> WHAT IS NEEDED:
Keep the wording of every entry intact in your copy, and omit the pictures.

▽

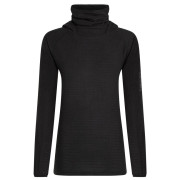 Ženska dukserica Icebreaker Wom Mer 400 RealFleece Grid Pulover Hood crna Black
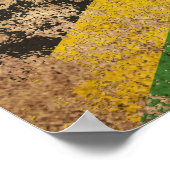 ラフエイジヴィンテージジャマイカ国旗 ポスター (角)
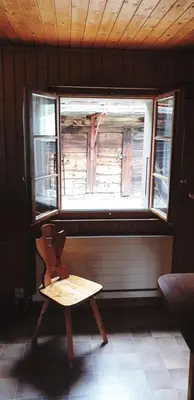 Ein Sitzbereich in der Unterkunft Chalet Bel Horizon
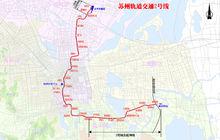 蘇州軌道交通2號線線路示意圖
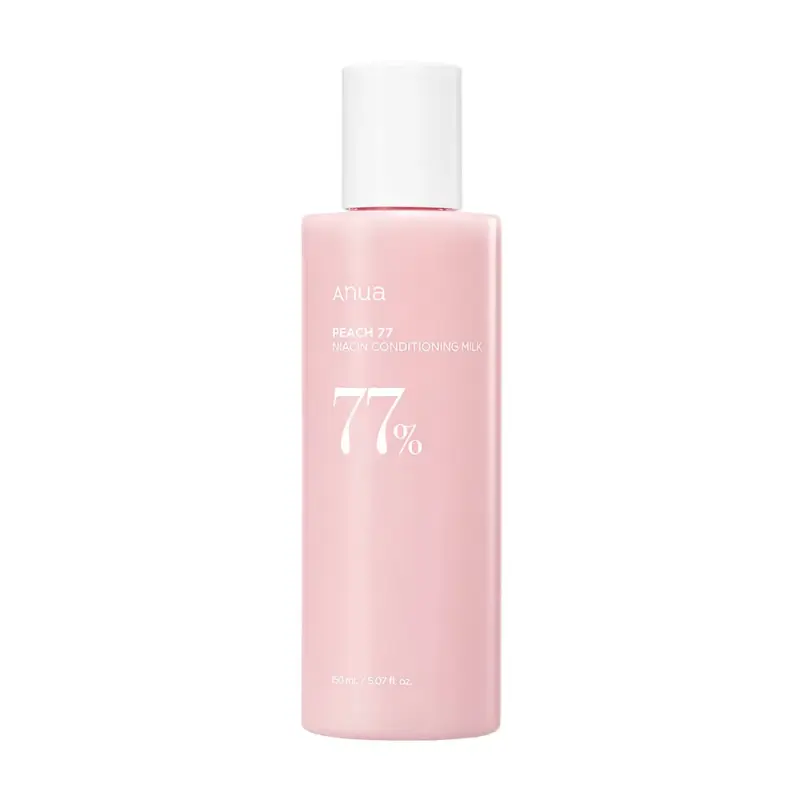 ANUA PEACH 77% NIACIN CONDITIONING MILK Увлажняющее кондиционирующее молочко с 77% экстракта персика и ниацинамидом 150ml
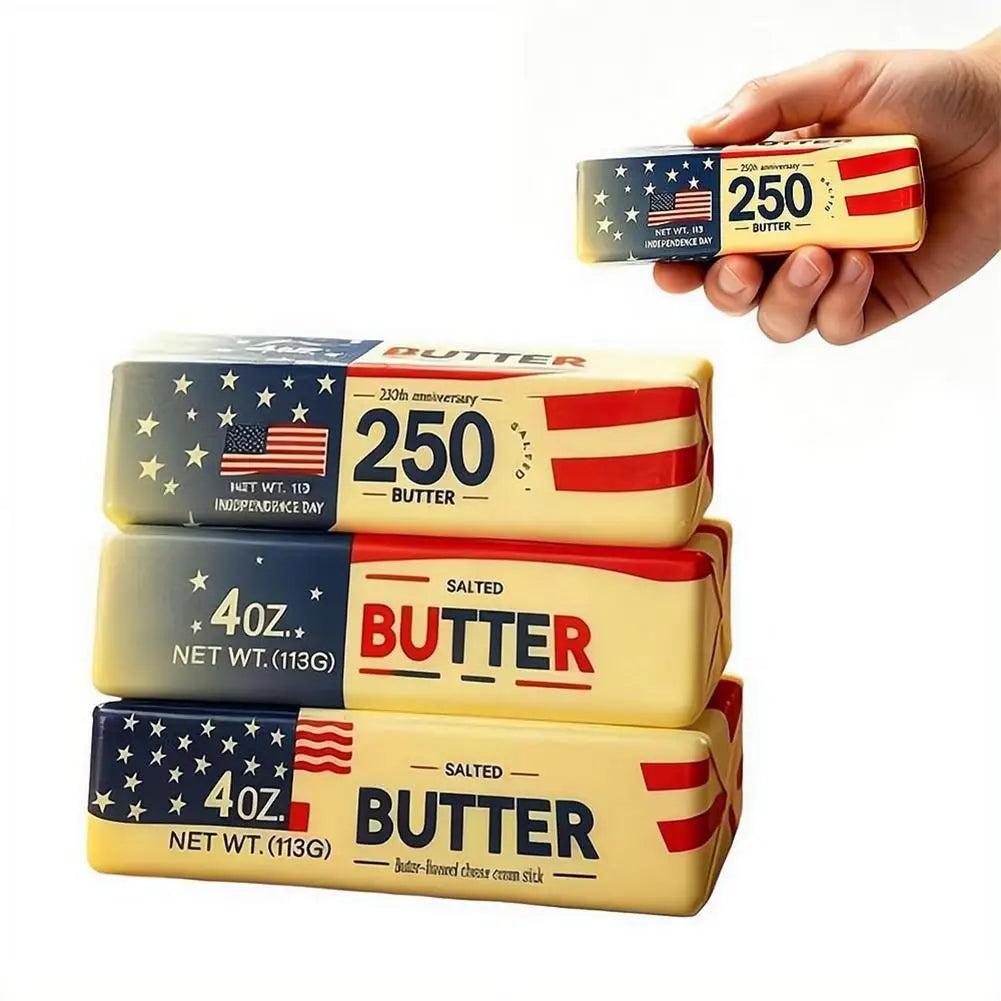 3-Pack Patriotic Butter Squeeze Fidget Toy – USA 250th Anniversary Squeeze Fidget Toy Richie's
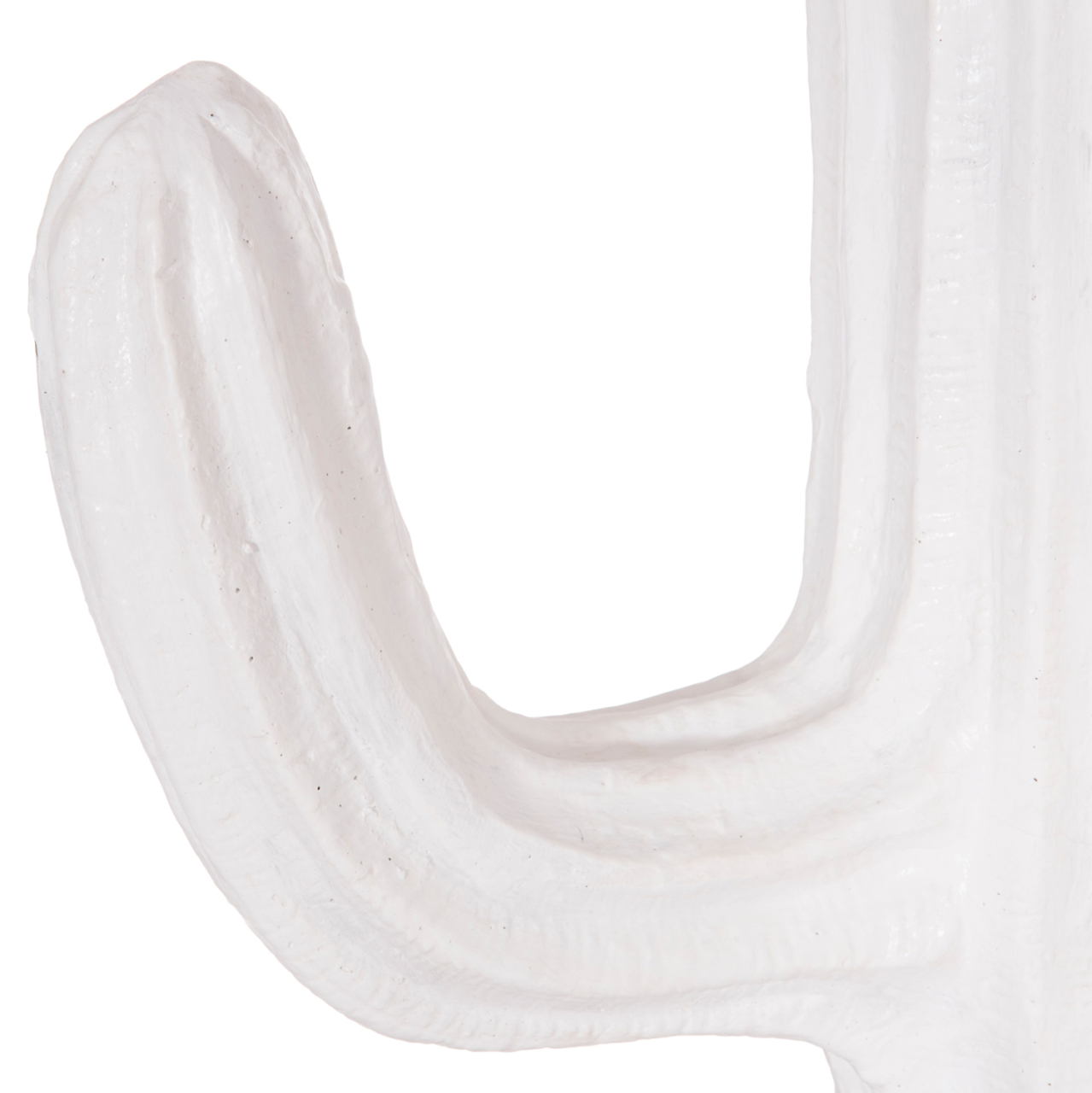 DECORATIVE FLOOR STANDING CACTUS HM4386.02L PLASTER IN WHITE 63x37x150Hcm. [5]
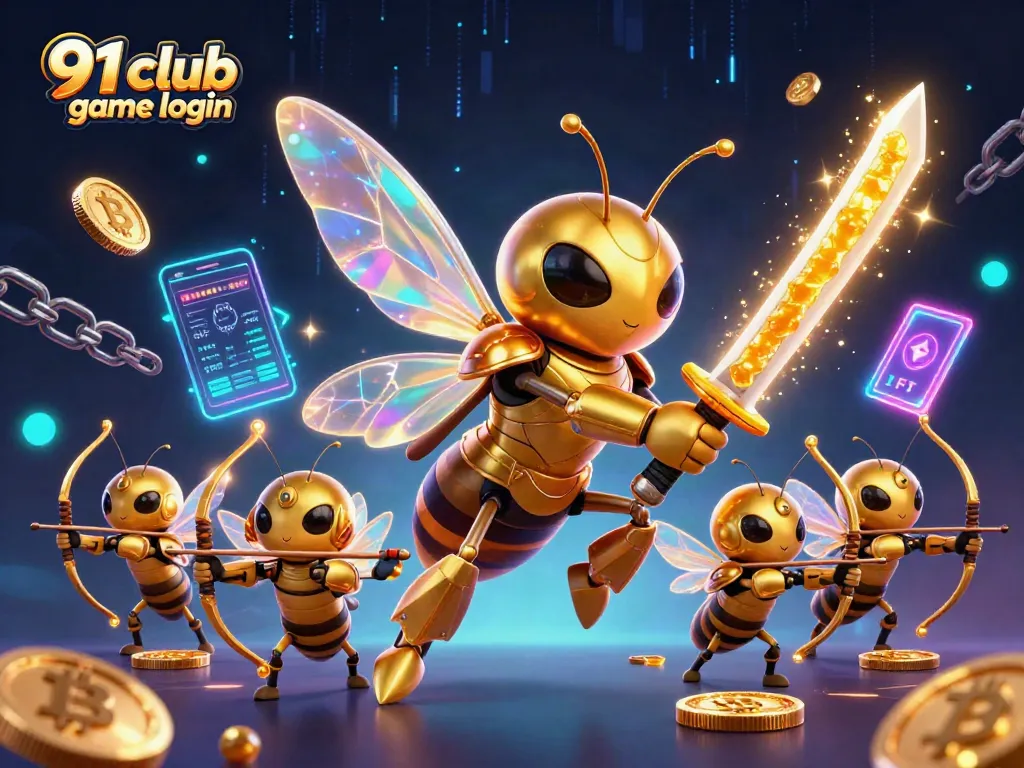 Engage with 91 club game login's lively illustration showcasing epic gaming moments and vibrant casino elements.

△

> ANSWER TO THIS EXERCISE:
 Ženska dukserica Icebreaker Wom Mer 400 RealFleece Grid Pulover Hood crna Black
 ラフエイジヴィンテージジャマイカ国旗 ポスター (角)
 Ein Sitzbereich in der Unterkunft Chalet Bel Horizon
 蘇州軌道交通2號線線路示意圖
 ANUA PEACH 77% NIACIN CONDITIONING MILK Увлажняющее кондиционирующее молочко с 77% экстракта персика и ниацинамидом 150ml
 3-Pack Patriotic Butter Squeeze Fidget Toy – USA 250th Anniversary Squeeze Fidget Toy Richie's
 DECORATIVE FLOOR STANDING CACTUS HM4386.02L PLASTER IN WHITE 63x37x150Hcm. [5]
 Engage with 91 club game login's lively illustration showcasing epic gaming moments and vibrant casino elements.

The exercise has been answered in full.